Definition: debug_stream.hpp:37
constexpr auto async_input_buffer
A view adapter that returns a concurrent-queue-like view over the underlying range.
Definition: async_input_buffer.hpp:479
T rand(T... args)
Provides seqan3::sequence_file_input and corresponding traits classes.
T sleep_for(T... args)
T srand(T... args)
T time(T... args)

Running the snippet could yield the following output:

Thread: 0x80116bf00 Seq: seq2
Thread: 0x80116bf00 Seq: seq3
Thread: 0x80116ba00 Seq: seq1
Thread: 0x80116bf00 Seq: seq4
Thread: 0x80116bf00 Seq: seq6
Thread: 0x80116ba00 Seq: seq5
Thread: 0x80116bf00 Seq: seq7
Thread: 0x80116ba00 Seq: seq8
Thread: 0x80116bf00 Seq: seq9
Thread: 0x80116bf00 Seq: seq11
Thread: 0x80116bf00 Seq: seq12
Thread: 0x80116ba00 Seq: seq10

This shows that indeed elements from the underlying range are processed non-sequentially, that there are two threads and that work is "balanced" between them (one thread processed more element than the other, because its "work" per item happened to be smaller).

Note that you might encounter jumbled output if by chance two threads write to the stream at the exact same time.

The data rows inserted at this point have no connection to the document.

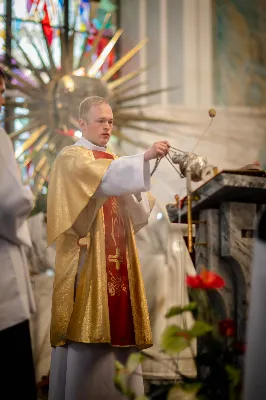 „Na swoje życie i swoje kapłaństwo trzeba popatrzeć w świetle Bożej miłości. Inaczej go nie pojmiemy ani my, ani ci, którzy będą na nas patrzeć” – mówił bp Jan Wątroba podczas Mszy św. z udzieleniem święceń prezbiteratu. 4 czerwca 2022 r. w kościele katedralnym jedenastu diakonów diecezji rzeszowskiej przyjęło sakrament kapłaństwa.
Do grona neoprezbiterów diecezji rzeszowskiej należą: ks. Sebastian Bełz z parafii w Nienadówce, ks. Krzysztof Lampart z parafii w Rudnej Wielkiej, ks. Mateusz Łachmanek z parafii w Lipinkach, ks. Karol Migut z parafii w Jasionce, ks. Marcin Murawski z parafii katedralnej w Rzeszowie, ks. Adrian Pazdan z parafii w Zagorzycach, ks. Tomasz Sienicki z parafii w Bieździedzy, ks. Dominik Świeboda z parafii w Palikówce, ks. Piotr Wąsacz z parafii bł. Władysława Findysza w Rzeszowie, ks. Mateusz Wojtuń z parafii w Święcanach oraz ks. Wiktor Zoła z parafii w Cieklinie.
Mszy św. przewodniczył i święceń udzielił bp Jan Wątroba. Eucharystię koncelebrowało około osiemdziesięciu księży, m.in: przełożeni Wyższego Seminarium Duchownego w Rzeszowie oraz proboszczowie i wikariusze z parafii rodzinnych neoprezbiterów. W Mszy św. uczestniczył abp Edward Nowak, bp Kazimierz Górny i bp Edward Białogłowski.
Zebranych w kościele katedralnym powitał ks. Krzysztof Gołąbek, proboszcz parafii.
W homilii bp Jan Wątroba nawiązał do słów z Ewangelii według św. Jana w których Chrystus tłumaczy co to znaczy być dobrym pasterzem. „Być kapłanem w Kościele Chrystusowym to znaczy mieć udział w Jego pasterskiej misji i stale upodabniać się do Dobrego Pasterza, który zna owce, karmi je, broni i jest gotów oddać życie dla ich dobra” – mówił hierarcha.
Po homilii odbył się obrzędy święceń: przyrzeczenie czci i posłuszeństwa Biskupowi Ordynariuszowi, Litania do Wszystkich Świętych podczas której kandydaci leżeli krzyżem, nałożenie rąk, modlitwa święceń oraz namaszczenie rąk krzyżmem i wręczenie chleba i wina. Podczas Liturgii Eucharystycznej nowo wyświęceni po raz pierwszy wyciągnęli dłonie nad chlebem i winem wypowiadając słowa konsekracji.
Na zakończenie Mszy św. ks. Tomasz Sienicki, podziękował w imieniu nowo wyświęconych wszystkim, którzy przyczynili się do przygotowania ich do kapłaństwa. Słowa wdzięczności, m.in. przełożonym Wyższego Seminarium Duchownego w Rzeszowie i rodzicom neoprezbiterów, wypowiedział bp Jan Wątroba. 
W drodze do zakrystii neoprezbiterzy zatrzymali się przy figurze Matki Bożej Fatimskiej zawierzając swoje kapłaństwo Matce Bożej.
W niedzielę, 5 czerwca, w Uroczystość Zesłania Ducha Świętego, neoprezbiterzy będą sprawować w swoich rodzinnych parafiach uroczyste Msze św. prymicyjne, a w najbliższych tygodniach otrzymają skierowania do parafii.

Fot. ks. Jakub Nagi oraz biala-wrona.pl
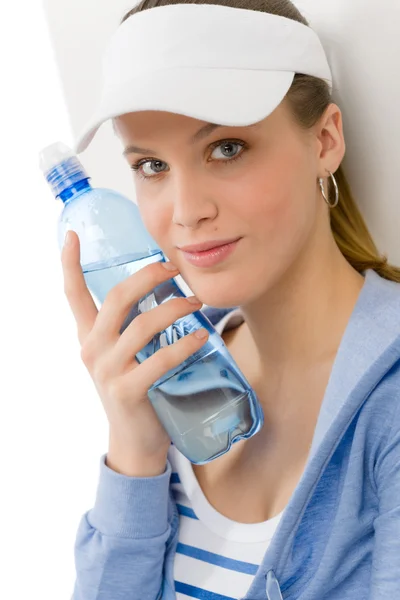 Sport - jonge vrouw fitness outfit water fles — Stockfoto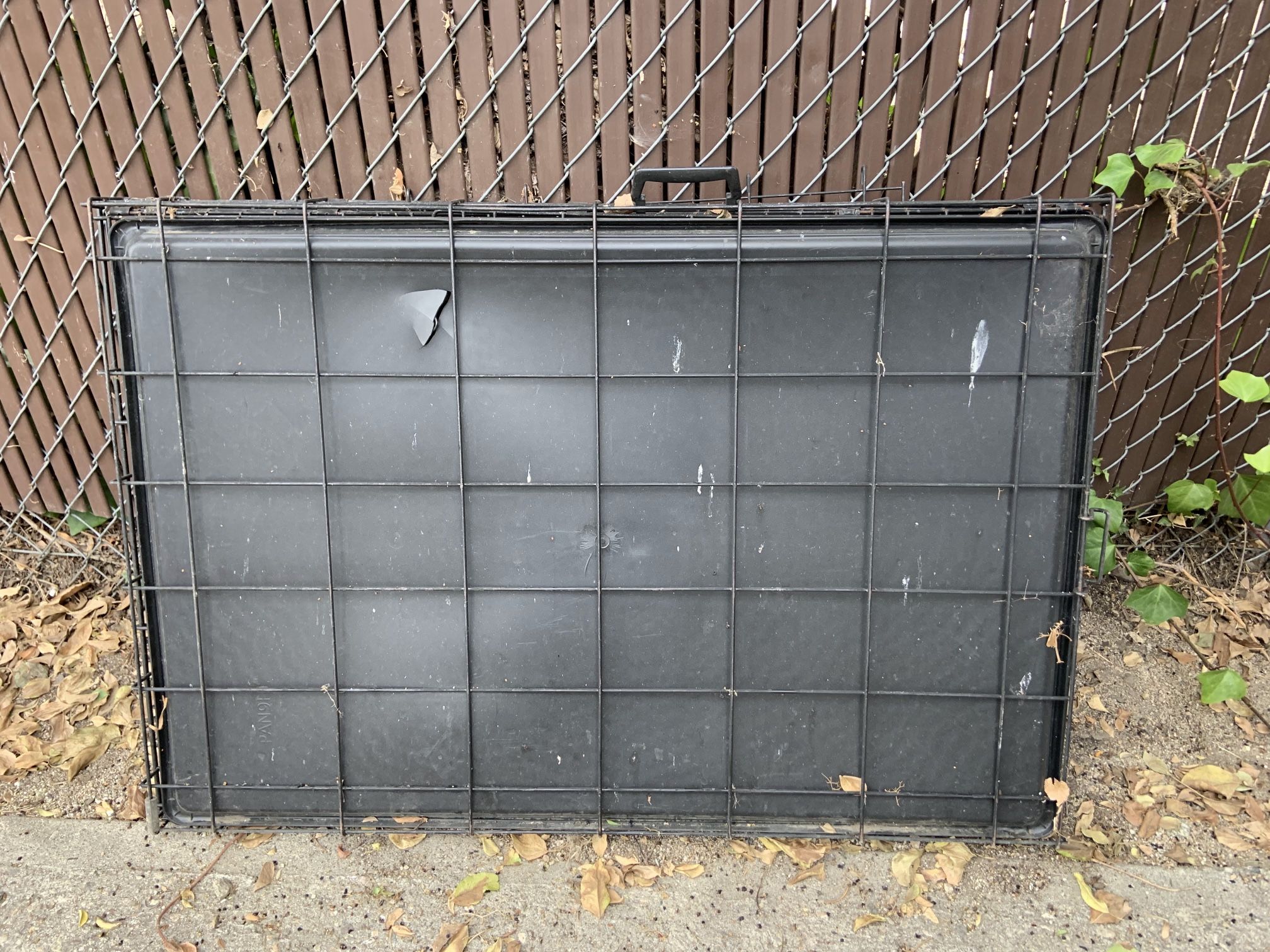 Large Folding metal dog crate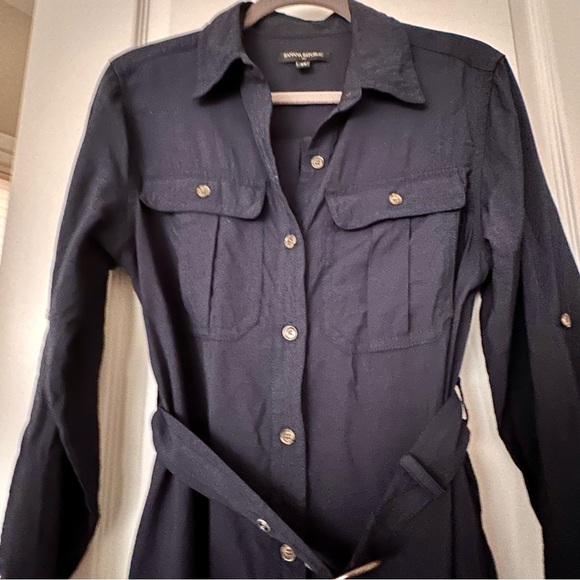 Banana republic belted shirt dress in navy. XS. - Picture 6 of 8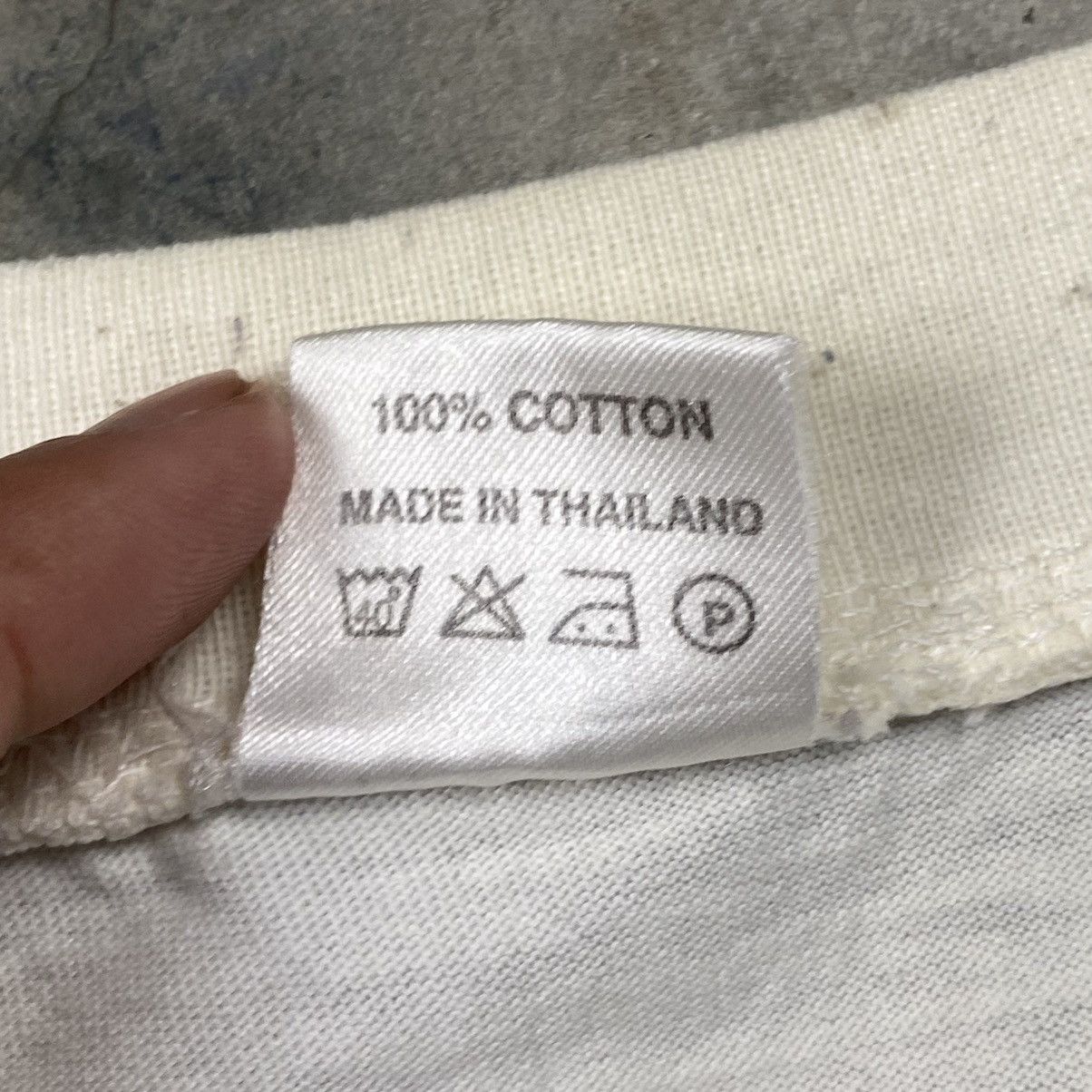 Vintage Vintage 90s Thailand Graphic Tee Size US L / EU 52-54 / 3 - 8 Thumbnail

If you remove the line starting with auto f1 = ... you will get sequential processing:

Thread: 0x80116aa00 Seq: seq1
Thread: 0x80116aa00 Seq: seq2
Thread: 0x80116aa00 Seq: seq3
Thread: 0x80116aa00 Seq: seq4
Thread: 0x80116aa00 Seq: seq5
Thread: 0x80116aa00 Seq: seq6
Thread: 0x80116aa00 Seq: seq7
Thread: 0x80116aa00 Seq: seq8
Thread: 0x80116aa00 Seq: seq9
Thread: 0x80116aa00 Seq: seq10
Thread: 0x80116aa00 Seq: seq11
Thread: 0x80116aa00 Seq: seq12

Note that even if you have a single processing thread, using this view can still improve performance measurably, because loading of the elements into the buffer (which reads input from disk) happens in a background thread.

This entity is experimental and subject to change in the future. Experimental since version 3.1.